On Valentine's Day in February 2009, defendant and the victim, Feinstein, were “hanging out together” and drinking alcohol in a trailer. Defendant and Feinstein had been in a romantic relationship in the past but, as of that night, were not “officially together.”

From there, their stories diverge. According to Feinstein, they fell asleep in the bedroom of the trailer. She awoke a short time later to use the bathroom and get something to drink. When she returned to the bedroom, defendant was sitting in the bed and smoking a cigarette. They proceeded to argue about the trailer and other “touchy” subjects. Defendant became angry and hit her in the mouth. She took a step back, and defendant reached out, put his cigarette on her chest, and used it to push her back. Feinstein then went to the living room of the trailer, and defendant stayed in the bedroom until he left approximately an hour and a half later. The following day, her lip was swollen and sore, and she felt a burning sensation on her chest. She called the police and reported that defendant had injured her. Defendant was charged with two counts of fourth-degree assault (one count for striking Feinstein [250 Or.App. 108]and another for burning her) and

[279 P.3d 241]

two counts of harassment (again, one count for striking Feinstein and another for burning her), and he proceeded to trial on those charges.
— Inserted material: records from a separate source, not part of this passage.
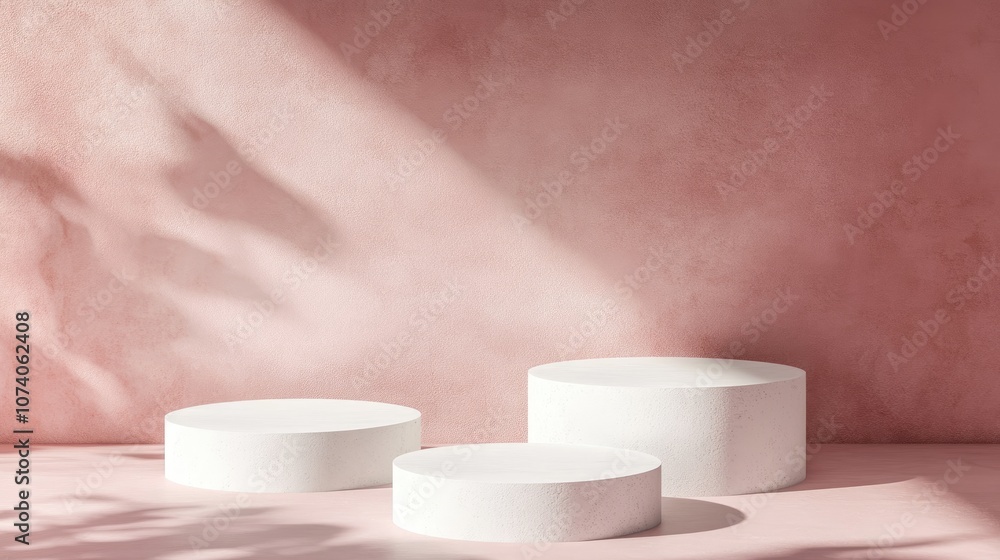 Fototapete Three white platforms on an abstract mock up scene creating a backdrop for product display 3D rendering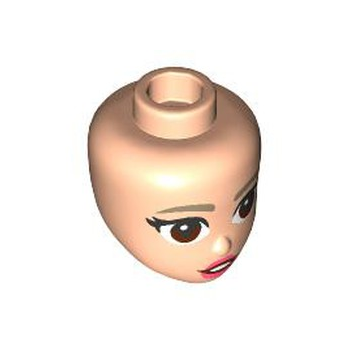 Onderdeel 109880 - Minipop, hoofdvrienden met donkerbruine wenkbrauwen, zwarte wimpers, roodbruine ogen, koraalrode lippen, open mond en wit tandenpatroon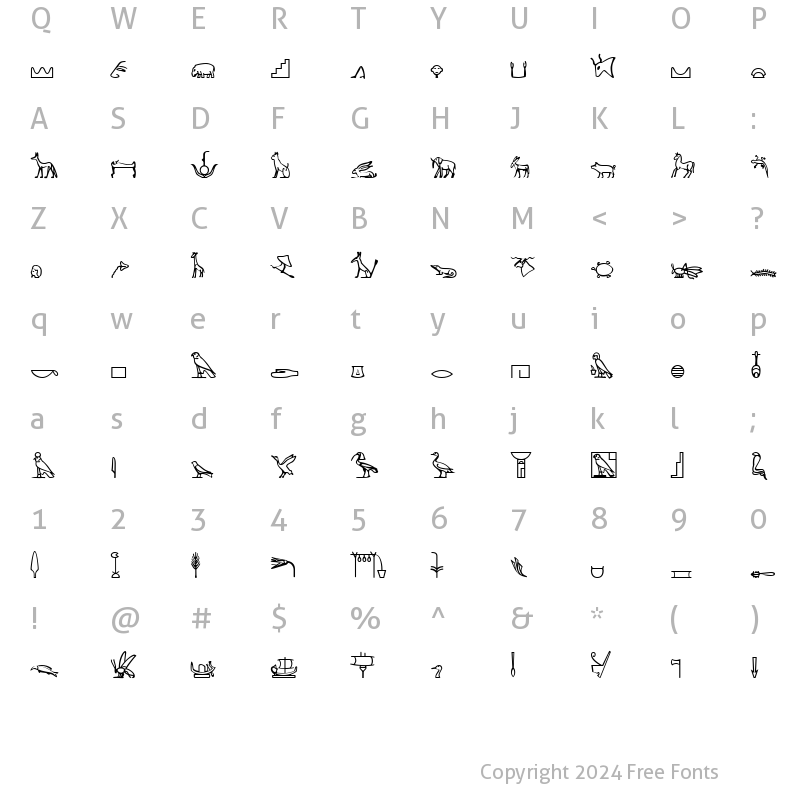 Character Map of KingTut-Too Regular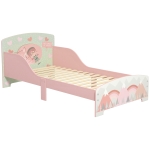 ZONEKIZ Pat pentru Copii 3-6 Ani cu Margini Înălțate și Model cu Animale, 77x143x60 cm, Roz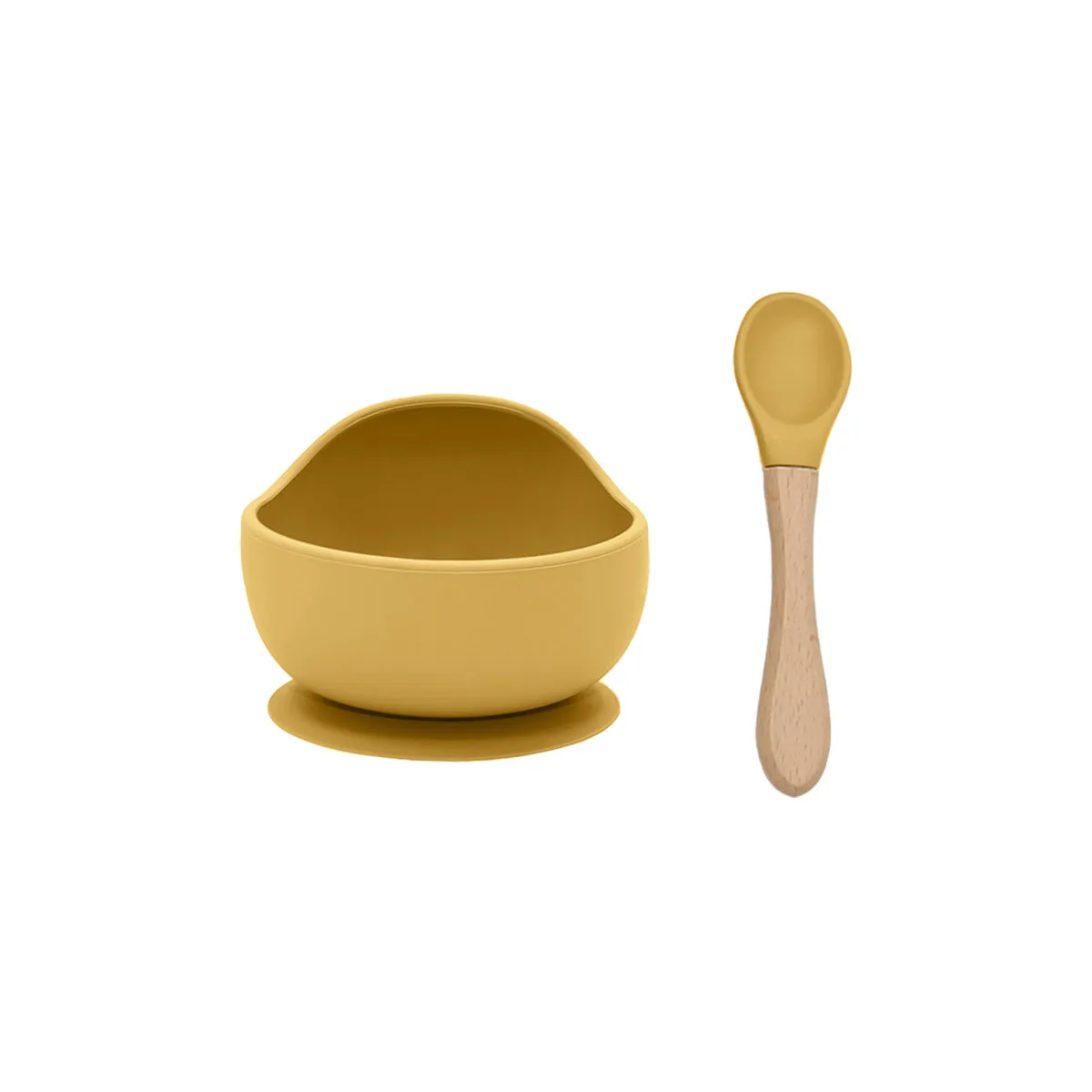 Silicone Bowl & Wooden Spoon Set, Pineapple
During his opening statement, defendant's counsel advanced a different version of the events, arguing that no assault or harassment had occurred. He stated, “My client did not strike Miss Feinstein, he did not put out a cigarette on her, and that's what we're going to prove here at the end of the day.” Defendant's theory, which he later testified in support of, was that he left the trailer around 10:30 p.m. and returned to find Feinstein passed out drunk on the floor, at which point she told him that she had burned herself.

After defendant's opening statement, the prosecutor moved in limine for a ruling on the admissibility of evidence of prior misconduct—namely, evidence that, in 2007, defendant had hit Feinstein in the lip during an argument in the trailer, causing her lip to swell. Defendant had been indicted in a separate case on charges arising out of that earlier incident but still had not yet been tried on those charges by the time of trial in this case.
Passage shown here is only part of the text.